During the 2009–10 season, the station broadcast one full Scottish Premier League game every Saturday night. The game selected was always one not covered by either live Sky Sports or on an on-demand basis by BT Vision and was shown three hours after the end of the match. The matches only included Gaelic commentary along with English subtitles.

The channel reached an agreement with the Scottish Football League to broadcast live football games during the 2008–09 season. This began with the final of the Challenge Cup, which was also sponsored by MG Alba. BBC Alba then started broadcasting First Division games, beginning with the match between Airdrie United and Clyde on 22 February 2009.

BBC Alba also struck a deal with the Scottish rugby authorities to show one live rugby, Scottish Premiership Division One match every weekend.

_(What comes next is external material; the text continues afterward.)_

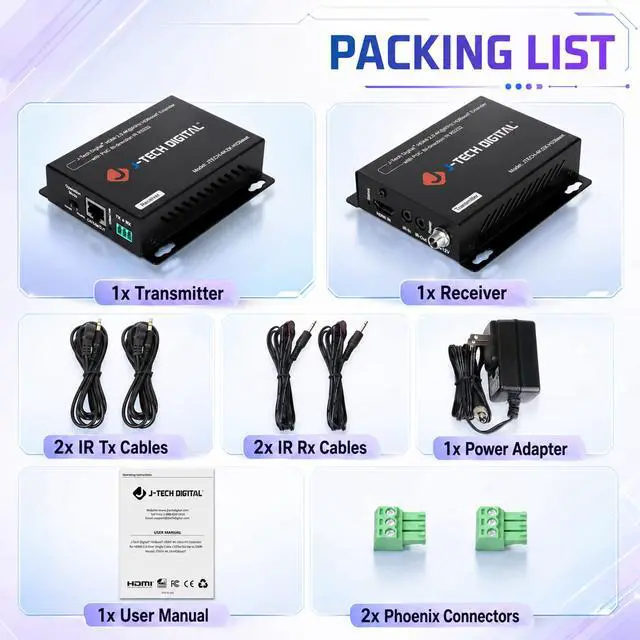 Alt view image 4 of 7 - 4K HDBaseT HDMI Extender Over Cat5e/6 Ethernet up to 230ft (1080P) 130ft (4K), Supports HDCP 2.2/1.4, RS232, Bi-Directional IR and PoC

For the 2015–16 season, BBC Alba will show 20 live matches (excluding Rangers) from either 2015-16 Scottish Championship (including the play-off final), League 1 or League 2 as well as four matches from the Scottish Challenge Cup. The station also altered their coverage of Scottish Premiership highlights, showing one hour highlights of two non-televised matches on a Saturday and Sunday night at 22:00. Other football coverage includes all Scotland U21s and Women's matches. As well as the final of the 2015-16 Scottish Junior Cup.

In 2010 BBC Alba bought the rights for Celtic League rugby jointly with public service broadcasters from the Republic of Ireland, Northern Ireland and Wales.

In May 2020, BBC Alba broadcast the last five matches of Women's Bundesliga.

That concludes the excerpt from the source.